The other thing to keep in mind there is that the – I don't have an exact number, but there has been very little distribution growth because we were in the vast majority of the PetSmart and Petco because literally a couple of stores across PetSmart and Petco. So that's basically it's almost the same-store sales not off from the same-store sales number.

Mark Astrachan

Analyst

Right. Okay. In the contribution, is the number, if any from cat product launch in the fourth quarter?

DickKassar

Analyst

No. We haven't. It's not in the guidance.

Scott Morris

Analyst

It will literally be just a couple of hundred stores in the fourth quarter. So it won't be substantial enough to really have a meaningful impact on the business.

Mark Astrachan

Analyst

Got it. And then just one follow-up Scott to the first question, you were talking about same-store sales number, what about your view of what that is for the track channels, just the drug mass retailers?

Scott Morris

Analyst

Yes.

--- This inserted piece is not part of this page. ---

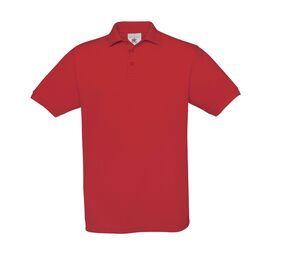 B&C BC410 - Men's Cotton Polo Saffron Red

So if you look at the quarter, it's about 14% versus a year ago.

Mark Astrachan

Analyst

Okay. Great. Thank you.

Richard Thompson

Analyst

Thanks for calling Mark.

Operator

Operator

Thank you. At this time, I would like to turn the call back over to management for any closing remarks.

Richard Thompson

Analyst

I think we have said everything we need to say. We are really happy with where we are. We are really excited about where we are going. And we look forward to the second half and continuing the innovation and good work that we are doing. So I want to thank everybody for their time today. And we look forward to speaking with many of you over the coming days, weeks and months. And I encourage you all go out and buy some Freshpet, get us some new consumer. Thanks a lot.

Operator

Operator

Thank you, sir. And thank you, ladies and gentlemen for your participation that does conclude Freshpet second quarter 2015 earnings conference call. You may disconnect your lines at this time. Have a wonderful day.